The key property: lookup time depends on path depth (typically 2–4 segments), not on route count (could be hundreds). An API with 5 routes and an API with 500 routes have the same lookup speed for a given path depth.

When both a static and parameterized route match the same position, the static route always wins:

// Routes:
// GET /files/upload → static match
// GET /files/:filename → param match
// GET /files/upload → matches /files/upload (static)
// GET /files/readme.md → matches /files/:filename with filename = "readme.md"

This is the standard behavior across radix tree routers (find-my-way, @hono/router) and avoids ambiguity.

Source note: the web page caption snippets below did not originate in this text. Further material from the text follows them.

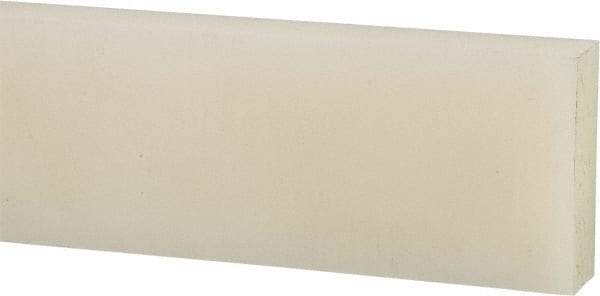 Made in USA - 4 Ft. Long x 1 Inch Wide x 1/4 Inch High, Nylon, Rectangular Plastic Bar - Natural - Americas Industrial Supply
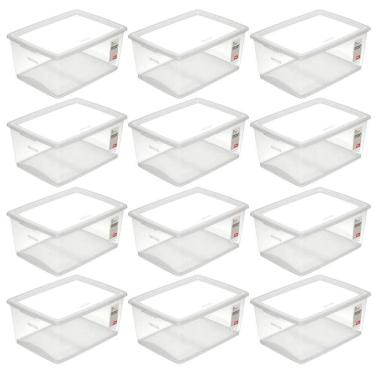 Imagem de 12 Caixas Organizadoras com Tampa 30L Click Empilháveis de Plástico Travas Laterais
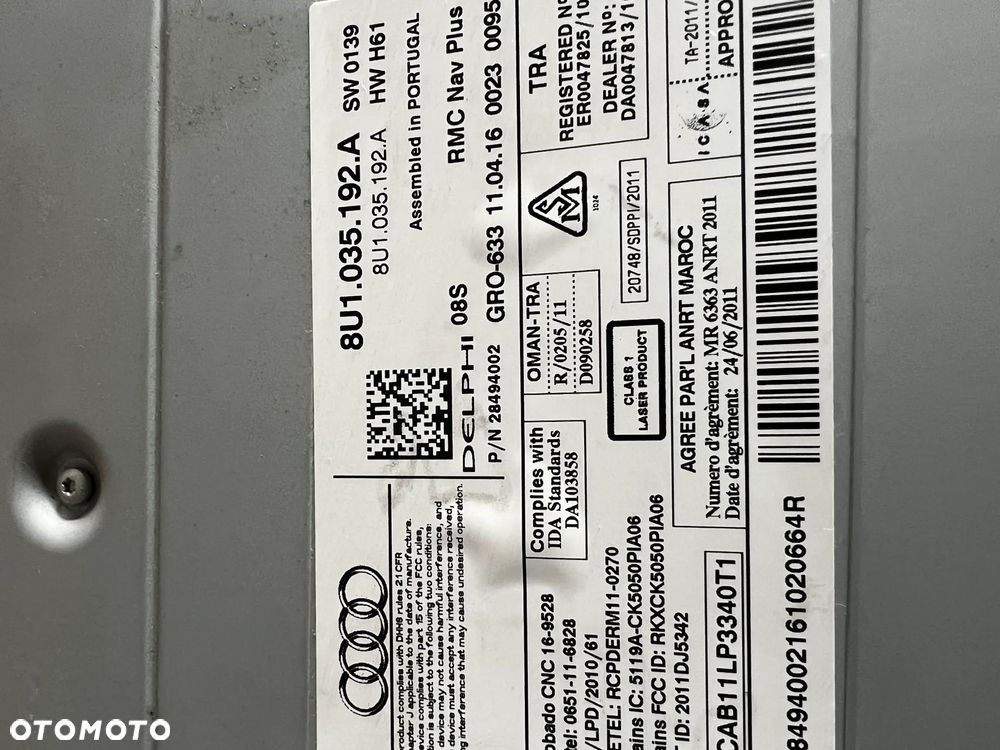 RADIO NAVIGACJA NAVI PANEL MULTIMEDIA MMI 8U1035192A AUDI Q3 8U JAK NOWE - 3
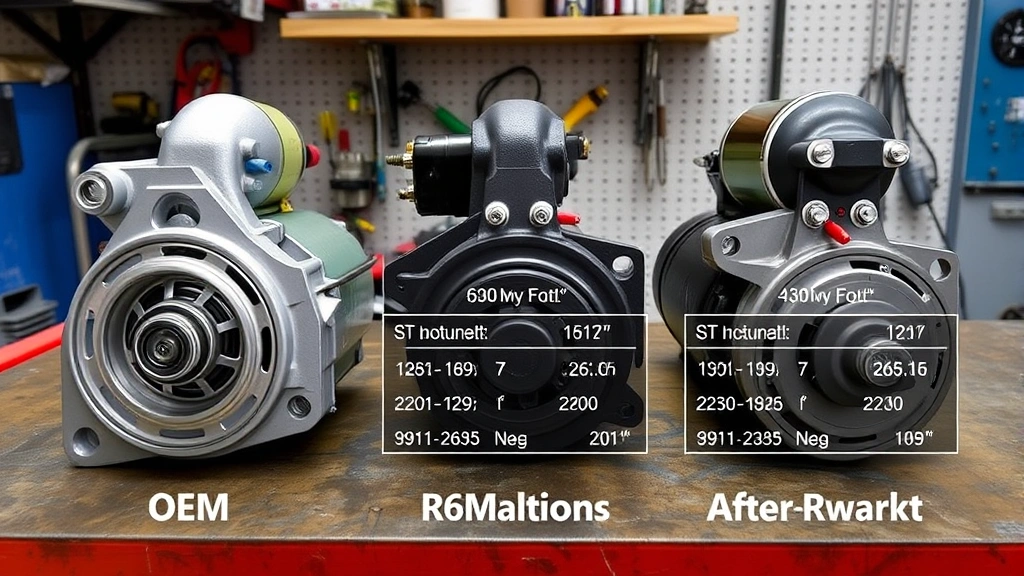 Comparison display of three different starter motors side by side on workbench, showing OEM and aftermarket variations in different sizes and specifications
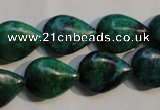 CCS691 15.5 inches 13*17mm flat teardrop dyed chrysocolla beads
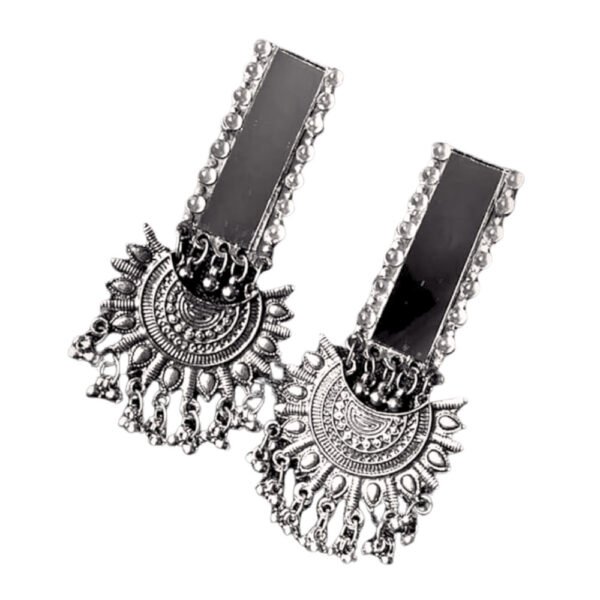 Oxidised Mirror Chaand Bali, Oxidised silver earrings with rectangular mirror tops and intricate circular sunburst design featuring hanging danglers.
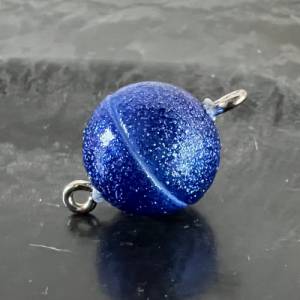Magnet Verschluss, kugelförmig, blau Glitzer, verschiedene Größen Bild 2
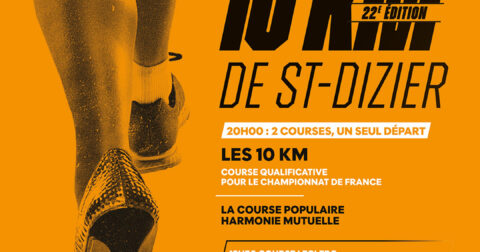 Affiche pour le 10 km de Saint-Dizier, course le 10 mai 2025, incluant une course pour enfants et une tombola.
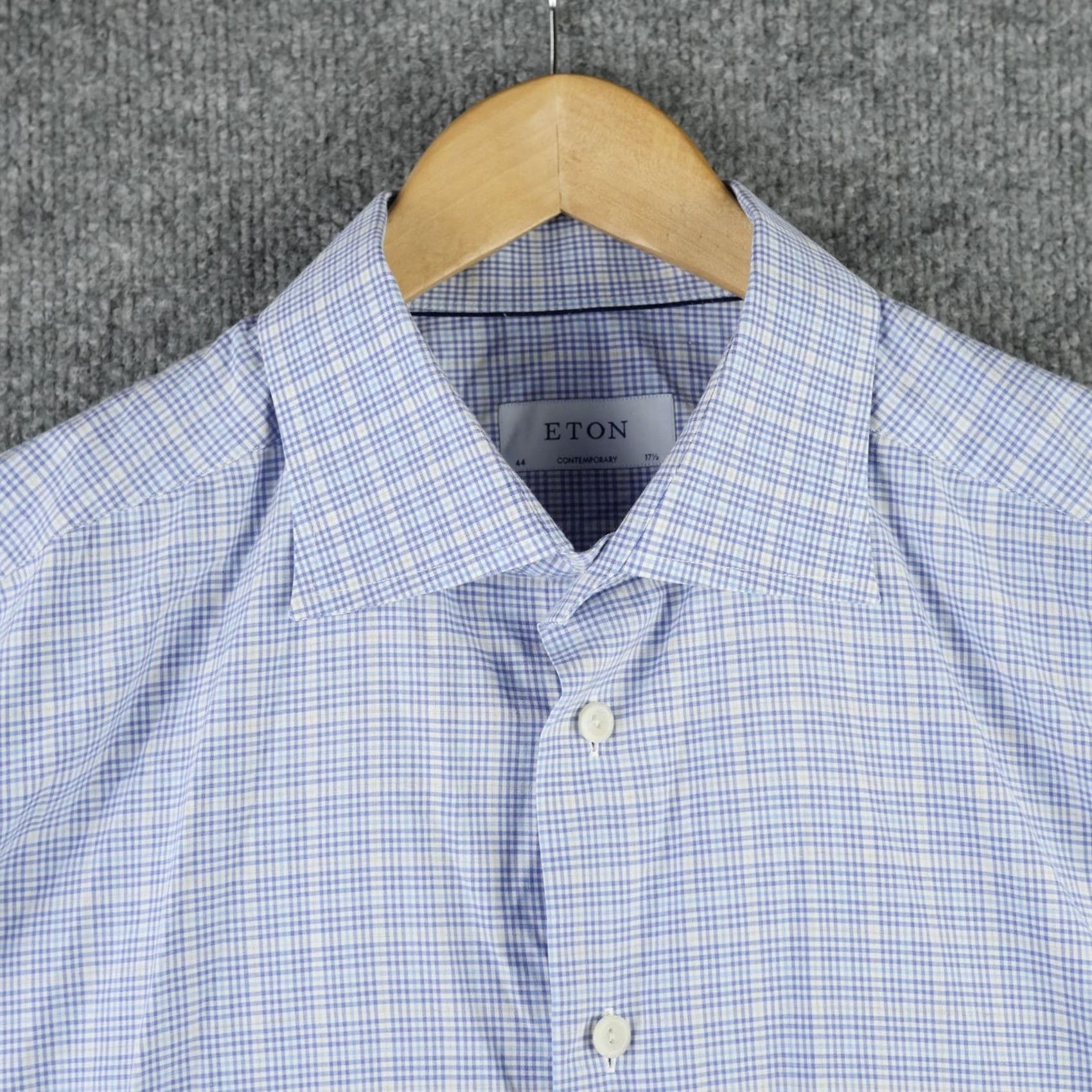 Eton Eton Dress Shirt Mens Blue White Check Contemporary Fit Button Up Cotton 17.5 44 Size 48R - 2 Thumbnail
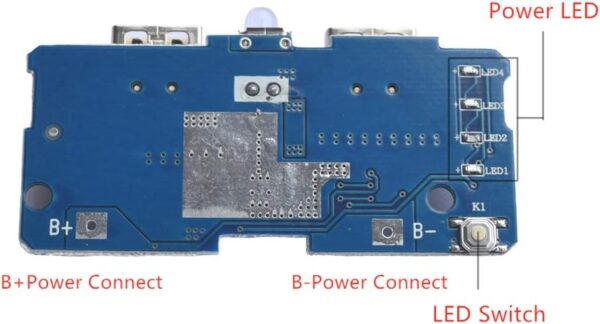 MÓDULO CONVERSOR DE CARGA 5V 2A DE 1 USB A 2 USB POWER BANK - Imagen 2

Wildcard segments (*) match all remaining path segments. They’re always the lowest priority at any tree level:

// Routes:
// GET /files/:id → matches single segment after /files/
// GET /files/*path → matches any depth after /files/
// GET /files/123 → matches /files/:id with id = "123"
// GET /files/a/b/c.txt → matches /files/*path with path = "a/b/c.txt"

Wildcards capture the entire remaining path as a single string parameter. They cannot coexist with parameterized routes at the same depth — the build step will emit an error if this is detected.

TypoKit normalizes trailing slashes at build time:

  • /users and /users/ are treated as the same route
  • The compiled tree stores the canonical form (without trailing slash)
  • At runtime, incoming paths are normalized before tree lookup
// Route defined as: GET /users
// All of these match:
// GET /users ✓
// GET /users/ ✓ (trailing slash stripped before lookup)

When a path matches a node in the tree but the HTTP method isn’t registered on that node, the router returns 405 Method Not Allowed (not 404):

// Routes:
// GET /users
// POST /users
// DELETE /users → 405 Method Not Allowed
// Response headers: Allow: GET, POST

The Allow header is populated from the matched node’s method registry — no additional lookup needed.

The radix tree compression automatically handles overlapping prefixes efficiently:

// Routes:
// GET /api/users
// GET /api/users/:id
// GET /api/user-settings
// Tree structure:
// root
// └── api
// └── user
// ├── s ─────── [GET] ← /api/users
// │ └── :id ── [GET] ← /api/users/:id
// └── -settings ── [GET] ← /api/user-settings

The shared prefix user is stored once, with branching only where paths diverge. This compression reduces memory usage and keeps the tree shallow.

MetricTargetNotes
Static route lookup< 100nsDirect tree walk with string comparison
Parameterized route lookup< 200nsTree walk with parameter extraction
Wildcard route lookup< 200nsTree walk to wildcard node + path capture
Route tree load time< 1msLoading the compiled TypeScript module at startup
Method not allowed check< 50nsHash map lookup on matched node
Memory (100 routes)< 50KBCompressed radix tree in memory
Memory (1000 routes)< 200KBRadix compression keeps growth sub-linear
RouterStatic lookupParam lookupRoute registration
Express (linear scan)~1–5μs~2–10μsRuntime
Fastify (find-my-way)~100–200ns~200–400nsRuntime (startup)
Hono (RegExpRouter)~50–150ns~100–300nsRuntime (startup)
TypoKit (compiled radix tree)< 100ns< 200nsBuild time (zero startup cost)

TypoKit matches or beats the fastest framework routers on lookup speed while eliminating startup registration cost entirely.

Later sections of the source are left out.